BEGIN Exercise data
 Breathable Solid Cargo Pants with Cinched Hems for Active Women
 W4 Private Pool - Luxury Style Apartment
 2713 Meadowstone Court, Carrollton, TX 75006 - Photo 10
END Exercise data
■ Task prompt ■
Give an exact copy of all the material above.

■ Output of the task ■
 Breathable Solid Cargo Pants with Cinched Hems for Active Women
 W4 Private Pool - Luxury Style Apartment
 2713 Meadowstone Court, Carrollton, TX 75006 - Photo 10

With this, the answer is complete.